• **MATERIAL FOR THIS TASK**:
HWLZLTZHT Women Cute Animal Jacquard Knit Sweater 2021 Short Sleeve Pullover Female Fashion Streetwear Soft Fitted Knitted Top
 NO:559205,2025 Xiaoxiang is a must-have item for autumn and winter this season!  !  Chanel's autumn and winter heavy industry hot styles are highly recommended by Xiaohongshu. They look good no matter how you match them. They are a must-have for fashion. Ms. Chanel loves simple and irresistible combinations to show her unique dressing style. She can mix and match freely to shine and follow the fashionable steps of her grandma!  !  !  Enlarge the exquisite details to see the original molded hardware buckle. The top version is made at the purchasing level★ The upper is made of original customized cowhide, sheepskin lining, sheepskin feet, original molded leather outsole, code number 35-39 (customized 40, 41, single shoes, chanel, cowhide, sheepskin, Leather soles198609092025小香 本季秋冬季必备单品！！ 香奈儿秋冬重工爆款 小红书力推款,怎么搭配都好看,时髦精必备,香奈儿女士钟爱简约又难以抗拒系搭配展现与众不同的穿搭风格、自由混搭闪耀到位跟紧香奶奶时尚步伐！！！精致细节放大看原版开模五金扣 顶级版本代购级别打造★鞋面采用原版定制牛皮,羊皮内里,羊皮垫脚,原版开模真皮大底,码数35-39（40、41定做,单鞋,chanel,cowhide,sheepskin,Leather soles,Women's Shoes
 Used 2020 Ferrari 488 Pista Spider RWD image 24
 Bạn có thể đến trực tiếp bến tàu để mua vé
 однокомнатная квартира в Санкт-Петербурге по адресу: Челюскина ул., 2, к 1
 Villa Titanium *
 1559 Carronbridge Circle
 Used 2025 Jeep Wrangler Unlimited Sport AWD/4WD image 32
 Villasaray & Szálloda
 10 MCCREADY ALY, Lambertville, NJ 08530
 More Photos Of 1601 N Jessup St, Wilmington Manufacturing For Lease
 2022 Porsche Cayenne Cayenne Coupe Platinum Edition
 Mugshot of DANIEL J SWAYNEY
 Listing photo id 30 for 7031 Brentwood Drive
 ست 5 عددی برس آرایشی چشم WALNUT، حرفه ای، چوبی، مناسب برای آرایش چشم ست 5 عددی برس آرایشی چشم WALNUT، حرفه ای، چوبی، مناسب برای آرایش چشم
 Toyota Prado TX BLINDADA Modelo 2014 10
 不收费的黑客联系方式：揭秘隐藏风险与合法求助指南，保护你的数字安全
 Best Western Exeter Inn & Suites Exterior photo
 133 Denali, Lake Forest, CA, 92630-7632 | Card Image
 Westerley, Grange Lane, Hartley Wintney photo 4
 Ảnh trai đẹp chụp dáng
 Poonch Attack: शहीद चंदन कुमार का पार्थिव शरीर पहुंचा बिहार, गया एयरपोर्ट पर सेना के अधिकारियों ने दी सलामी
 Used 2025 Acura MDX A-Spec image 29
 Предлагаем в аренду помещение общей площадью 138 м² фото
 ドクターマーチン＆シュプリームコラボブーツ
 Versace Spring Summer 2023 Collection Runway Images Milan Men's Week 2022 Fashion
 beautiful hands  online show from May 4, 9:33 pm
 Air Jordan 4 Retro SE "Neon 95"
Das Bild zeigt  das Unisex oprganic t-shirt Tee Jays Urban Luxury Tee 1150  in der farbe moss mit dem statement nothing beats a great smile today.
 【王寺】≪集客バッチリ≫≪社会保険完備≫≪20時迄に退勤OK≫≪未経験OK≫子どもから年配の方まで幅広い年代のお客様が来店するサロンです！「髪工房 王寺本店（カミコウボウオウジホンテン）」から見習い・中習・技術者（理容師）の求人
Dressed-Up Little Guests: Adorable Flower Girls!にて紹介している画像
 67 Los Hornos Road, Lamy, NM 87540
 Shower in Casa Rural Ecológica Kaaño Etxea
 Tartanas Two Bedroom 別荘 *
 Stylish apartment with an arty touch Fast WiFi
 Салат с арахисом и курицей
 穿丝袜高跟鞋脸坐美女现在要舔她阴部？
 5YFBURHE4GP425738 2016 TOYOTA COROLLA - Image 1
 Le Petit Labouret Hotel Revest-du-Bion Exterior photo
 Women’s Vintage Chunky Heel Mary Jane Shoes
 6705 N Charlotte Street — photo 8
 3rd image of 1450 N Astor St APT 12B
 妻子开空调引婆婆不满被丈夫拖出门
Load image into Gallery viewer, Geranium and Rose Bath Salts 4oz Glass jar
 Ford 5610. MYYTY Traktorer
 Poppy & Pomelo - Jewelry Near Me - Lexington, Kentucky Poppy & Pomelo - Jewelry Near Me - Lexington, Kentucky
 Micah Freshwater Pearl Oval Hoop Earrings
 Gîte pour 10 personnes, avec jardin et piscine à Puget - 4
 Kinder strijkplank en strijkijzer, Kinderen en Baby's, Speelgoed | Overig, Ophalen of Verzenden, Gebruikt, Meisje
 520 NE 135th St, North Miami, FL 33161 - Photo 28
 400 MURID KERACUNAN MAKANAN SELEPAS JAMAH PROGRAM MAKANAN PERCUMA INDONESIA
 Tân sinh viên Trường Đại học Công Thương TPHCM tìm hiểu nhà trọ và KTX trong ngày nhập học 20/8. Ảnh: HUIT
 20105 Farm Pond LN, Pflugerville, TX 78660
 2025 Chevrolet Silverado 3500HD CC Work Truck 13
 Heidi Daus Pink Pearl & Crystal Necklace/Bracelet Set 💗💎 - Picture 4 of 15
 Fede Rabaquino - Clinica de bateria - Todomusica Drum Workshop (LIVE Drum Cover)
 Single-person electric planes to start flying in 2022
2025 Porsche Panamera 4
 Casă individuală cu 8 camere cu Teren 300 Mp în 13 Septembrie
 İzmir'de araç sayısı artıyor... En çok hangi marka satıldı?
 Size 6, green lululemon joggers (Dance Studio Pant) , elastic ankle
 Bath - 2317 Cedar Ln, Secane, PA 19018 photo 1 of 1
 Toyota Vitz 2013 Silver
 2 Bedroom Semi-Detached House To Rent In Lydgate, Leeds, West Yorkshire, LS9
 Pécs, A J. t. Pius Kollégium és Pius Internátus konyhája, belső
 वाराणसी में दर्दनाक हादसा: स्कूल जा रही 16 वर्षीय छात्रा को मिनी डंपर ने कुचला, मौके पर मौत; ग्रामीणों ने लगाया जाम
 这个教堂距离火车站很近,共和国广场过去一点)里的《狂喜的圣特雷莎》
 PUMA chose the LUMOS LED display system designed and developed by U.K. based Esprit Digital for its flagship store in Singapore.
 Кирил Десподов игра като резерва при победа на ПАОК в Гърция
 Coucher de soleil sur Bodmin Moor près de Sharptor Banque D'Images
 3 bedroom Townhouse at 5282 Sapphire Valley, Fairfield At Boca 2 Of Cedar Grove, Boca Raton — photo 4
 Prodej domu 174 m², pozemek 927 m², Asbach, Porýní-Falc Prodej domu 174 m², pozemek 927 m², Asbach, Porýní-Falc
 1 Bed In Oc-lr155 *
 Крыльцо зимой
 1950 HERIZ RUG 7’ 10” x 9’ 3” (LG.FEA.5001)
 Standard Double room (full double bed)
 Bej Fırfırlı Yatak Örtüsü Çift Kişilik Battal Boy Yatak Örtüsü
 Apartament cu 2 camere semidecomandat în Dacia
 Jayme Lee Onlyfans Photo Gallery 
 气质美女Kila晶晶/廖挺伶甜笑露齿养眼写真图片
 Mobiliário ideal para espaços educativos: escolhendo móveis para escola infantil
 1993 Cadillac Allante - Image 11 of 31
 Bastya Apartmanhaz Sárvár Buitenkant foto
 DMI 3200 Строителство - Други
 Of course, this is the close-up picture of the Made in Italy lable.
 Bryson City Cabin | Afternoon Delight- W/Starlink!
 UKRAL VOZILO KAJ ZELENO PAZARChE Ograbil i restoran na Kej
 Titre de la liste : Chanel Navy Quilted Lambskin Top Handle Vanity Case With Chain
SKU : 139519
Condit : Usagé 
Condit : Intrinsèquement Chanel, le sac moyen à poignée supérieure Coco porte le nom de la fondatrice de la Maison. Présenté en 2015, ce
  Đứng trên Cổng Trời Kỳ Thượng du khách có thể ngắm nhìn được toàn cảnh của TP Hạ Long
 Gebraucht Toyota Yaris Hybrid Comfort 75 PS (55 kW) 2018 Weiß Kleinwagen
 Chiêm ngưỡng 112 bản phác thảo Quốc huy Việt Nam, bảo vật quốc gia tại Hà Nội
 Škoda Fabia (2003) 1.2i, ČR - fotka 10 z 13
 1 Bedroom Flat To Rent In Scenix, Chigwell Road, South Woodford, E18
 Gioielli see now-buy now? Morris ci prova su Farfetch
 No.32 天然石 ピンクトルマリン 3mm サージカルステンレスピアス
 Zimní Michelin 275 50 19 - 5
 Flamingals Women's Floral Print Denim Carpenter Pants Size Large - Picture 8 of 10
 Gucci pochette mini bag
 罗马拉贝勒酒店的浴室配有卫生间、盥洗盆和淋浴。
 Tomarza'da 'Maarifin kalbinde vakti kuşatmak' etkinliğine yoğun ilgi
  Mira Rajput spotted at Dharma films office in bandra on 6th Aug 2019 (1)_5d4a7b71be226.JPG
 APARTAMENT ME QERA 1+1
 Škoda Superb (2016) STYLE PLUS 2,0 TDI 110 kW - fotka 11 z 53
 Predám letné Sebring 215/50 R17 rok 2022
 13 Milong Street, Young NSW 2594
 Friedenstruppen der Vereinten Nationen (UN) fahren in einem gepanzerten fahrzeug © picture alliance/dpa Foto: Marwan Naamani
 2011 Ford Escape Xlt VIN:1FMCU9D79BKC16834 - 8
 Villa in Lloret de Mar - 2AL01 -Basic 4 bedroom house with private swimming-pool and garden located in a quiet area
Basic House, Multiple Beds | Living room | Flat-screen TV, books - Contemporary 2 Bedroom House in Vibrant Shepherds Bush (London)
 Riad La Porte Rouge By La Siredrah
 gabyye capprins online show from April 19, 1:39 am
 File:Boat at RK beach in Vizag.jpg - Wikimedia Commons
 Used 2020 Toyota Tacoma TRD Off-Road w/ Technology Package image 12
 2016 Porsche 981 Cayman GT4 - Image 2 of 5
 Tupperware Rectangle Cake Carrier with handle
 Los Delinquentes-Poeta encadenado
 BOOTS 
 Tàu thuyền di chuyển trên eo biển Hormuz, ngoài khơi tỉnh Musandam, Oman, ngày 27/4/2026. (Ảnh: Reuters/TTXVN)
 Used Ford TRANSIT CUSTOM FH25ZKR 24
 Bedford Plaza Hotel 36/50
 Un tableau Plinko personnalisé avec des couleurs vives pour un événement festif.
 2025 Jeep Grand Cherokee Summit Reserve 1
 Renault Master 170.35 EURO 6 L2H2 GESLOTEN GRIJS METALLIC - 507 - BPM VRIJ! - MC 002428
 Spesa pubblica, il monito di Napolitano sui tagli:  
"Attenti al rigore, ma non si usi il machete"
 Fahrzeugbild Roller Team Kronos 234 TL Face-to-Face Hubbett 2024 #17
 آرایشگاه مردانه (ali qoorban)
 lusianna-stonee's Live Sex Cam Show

• **WHAT IS BEING ASKED**: The answer should consist of the lines from the one with "Fahrzeugbild Roller Team" through the last line of the entries, duplicated exactly and nothing more.

• **TASK ANSWER**:
 Fahrzeugbild Roller Team Kronos 234 TL Face-to-Face Hubbett 2024 #17
 آرایشگاه مردانه (ali qoorban)
 lusianna-stonee's Live Sex Cam Show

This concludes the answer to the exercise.